Bref, on pourrait aussi discuter longtemps des aménagement faits avec la chronologie du monde de Tolkien mais tout cela serait finalement assez vain, puisque c’est à la fois nécessaire pour l’adaptation à l’écran tout autant que guidé par l’obligation de se défaire du texte du « Silmarillion ». Reste qu’en l’état c’est long, poussif, parfois ennuyeux. Mais évidemment, le dernier épisode relève le niveau et donne envie de voir la suite… et d’avoir une explication du comportement totalement stupide d’Elrond et Galadriel à la toute fin. Honnêtement, pour une Elfe qui poursuit un but depuis plusieurs centaines d’années, à un point tel que son propre peuple la juge bornée, (attention spoilers !!) la voir nez à nez devant ce qu’elle cherche depuis si longtemps et le laisser filer sans rien dire à personne, je ne comprends pas… Mais bon, wait & see et on verra bien ce que nous réservera la deuxième saison… en 2024 !
Ça fait beaucoup de négatif pour « Les Anneaux de pouvoir »… mais ça n’a étonnament pas l’air d’avoir amoindri ton envie de voir la suite.
Beaucoup de négatif oui, mais l’univers de Tolkien, même un peu malmené comme ici, c’est comme un aimant pour moi. 😀
Mon avis rejoindra un peu le tien concernant « Les Anneaux de Pouvoir » : c’est très long par rapport au contenu offert. Très long, très très long.
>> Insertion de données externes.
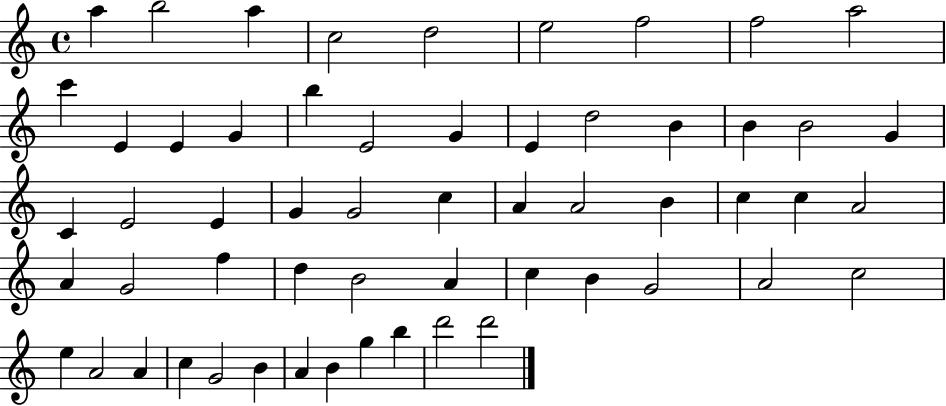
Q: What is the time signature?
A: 4/4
Et certaines des solutions scénaristiques adoptées sont très discutables.
Paradoxalement, comme toi, je pense pourtant bien m’intéresser à la suite (mais cinq saisons au total, comment vont-ils faire ?)…
Nous sommes en effet sur la même ligne. 😉
Tolkien for ever sans doute.
Cinq saisons oui, mais si c’est pour perdre du temps comme dans cette première saison, on se demande comment faire entrer tout ce que la production souhaite aborder dans les quatre saisons qui restent à tourner… Ou alors, elle auront l’effet inverse : ça ira vraiment trop vite, comme dans les deux dernières saisons de « Game of thrones ». Jamais contents les spectateurs ! 😀
Mais bon, wait & see… 😉
C’est marrant, je ne m’attendais pas à voir Nope ici! 🙂
Disney+ fait du Predador?!?
Arf, je n’ai aucune envie de voir les Anneaux de Pouvoir. Rien ne m’a donné envie dans la bande-annonce. RIEN. J’ai trouvé Galadriel exaspérante rien qu’en trente secondes, les perruques intolérables… Et j’ai eu l’impression d’une fanfiction des films de Peter Jackson plutôt qu’une adaptation de Tolkien. Quand c’est sorti, un article de l’Irish Times a fini de me désoler (je peux te le retrouver si ça t’intéresse, mais le gars disait, en gros, que plus tu es noble et elfique, plus tu as l’accent british, mais plus tu descends dans la hiérarchie, plus tu as l’accent écossais – l’accent irlandais étant, lui, réservé aux pouilleux parmi les pouilleux, les pré-hobbits qui se roulent dans la paille… * soupir*) Enfin bon, il n’est pas impossible que j’y vienne un jour, par principe, parce que c’est Tolkien, et parce qu’un ami m’en a quand même dit du bien. ^^
« Nope » par ici ? Et pourquoi pas, il y a bien eu « Us »… Jordan Peele est un réalisateur que je suis de près. 😉
« Prey » est sur la « collection » Star de Dinsey+, qui propose du contenu adulte, et je dois dire qu’il y a pas mal de choses fort intéressantes, aussi bien en films qu’en séries. 😉
Ah tiens, intéressante cette approche des « Anneaux de pouvoir » avec les accents. Inquiétante aussi… Je veux bien l’article si tu peux le retrouver.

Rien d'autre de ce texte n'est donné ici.